Dieser sehr feine Isfahan-Teppich wurde 1970 für den Heiligen Bezirk von Meschhed geknüpft und befindet sich dort im Museum. Pro qm zählt man 1.100.000 Knoten. In Medaillons sind die sieben heiligen Stätten der Muslime dargestellt: Mekka, Medina, Kerbela usw.

 

Unten im Feld erkennt man von links nach rechts Isfahan, die Schah-Moschee, die Mausoleen der Dichter Firdusi, Hafis und Saadi sowie die Stadt Qom. Engel mit Flügeln bilden die Motive dazwischen. In schmalen Borten zu beiden Seiten der Bordüre stehen im oberen Teil des Teppichs Koransuren.

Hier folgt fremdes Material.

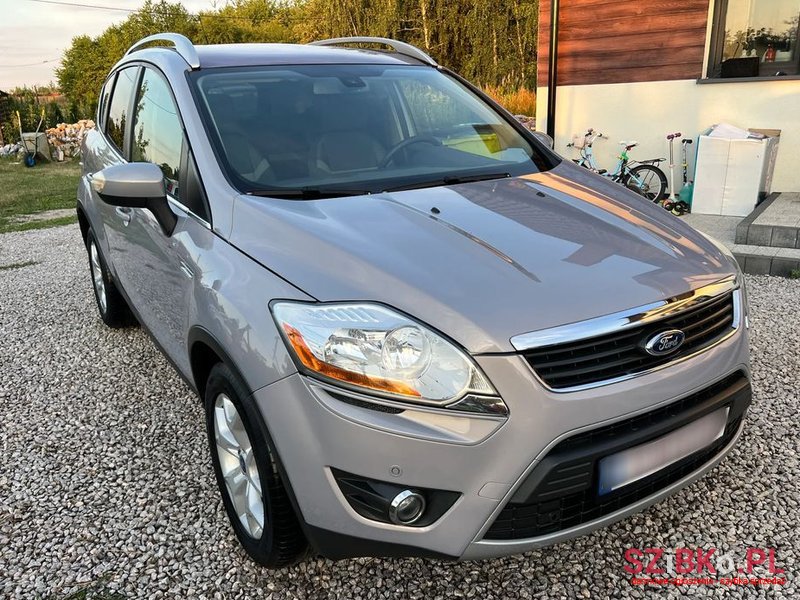 2012' Ford Kuga 2.0 Tdci Titanium photo #3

Dieser Teppich bezeugt das außergewöhnliche Können der Teppichknüpfer Isfahans.

Täbriz, die Hauptstadt der sehr fruchtbaren Provinz Aserbeidschan im Norden Irans, zählt ebenfalls zu den bedeutendsten Teppichherstellungszentren des Landes. Das Gebiet hat ein für die Schafzucht besonders günstiges Klima. Die ausgezeichnete Qualität der Wolle bürgt für die Haltbarkeit der hier hergestellten Teppiche.

 

Täbriz wurde erstmals als ein blühender, wohlhabender Ort von einem arabischen Reisenden beschrieben, der die Stadt im 10. Jh. besuchte. Der Täbriz-Knüpfstuhl stammt aus dieser Stadt. Er ist billig, leicht zu handhaben und in Mitteliran weit verbreitet. Bei diesem Stuhl werden die Kettfäden um den ganzen Rahmen gespannt, so dass zwei zusammenhängende Fadenflächen entstehen; eine vor, die andere hinter den Querbalken. Das genknüpfte Teppichstück wird vorne herunter- und auf der Rückseite heraufgezogen. Möglich ist bei diesem System die Anfertigung von Stücken, die der doppelten Höhe des Rahmens entsprechen. Die Handwerker von Täbriz verwendeten beim Knüpfen ein spezielles Häkchen, mit dem sie den Knoten seht geschickt und besonders schnell schlingen können. Auch heute gibt es in Täbriz mehrere Teppichmanufakturen, in denen sehr schöne Stücke geknüpft werden, die zu den besten überhaupt zählen.

 

Hadschi Dschalili ist der Name eines berühmten Teppichknüpfers aus Marand, einer kleinen Stadt in der Nähe von Täbriz. Alle aus seiner Werkstadt stammenden Teppiche tragen seine Signatur. Er lebte im 19. Jh

- Täbriz - Hadschi Dschalili - Ende 19. Jh. - 186 x 130 cm - 567.000 Knoten pro qm - Seide -

 

Der Mihrabbogen dieses schönen Gebetsteppichs wird von zwei graziösen Säulen getragen. An einer Kette hängt von der Spitze des Bogens eine blumenverzierte Lampe herab. Darunter steht ein Blumenbouquet. Die Querfelder ober- und unterhalb der Gebetsnische sind in kleine, bogenförmig zulaufende Felder unterteilt. Diese sind mit Blütengirlanden und Arabesken geschmückt. Acht Bordürenstreifen, sieben schmale und ein breiter, umrahmen den Mihrad. Alle sind mit floralen Motiven gefüllt.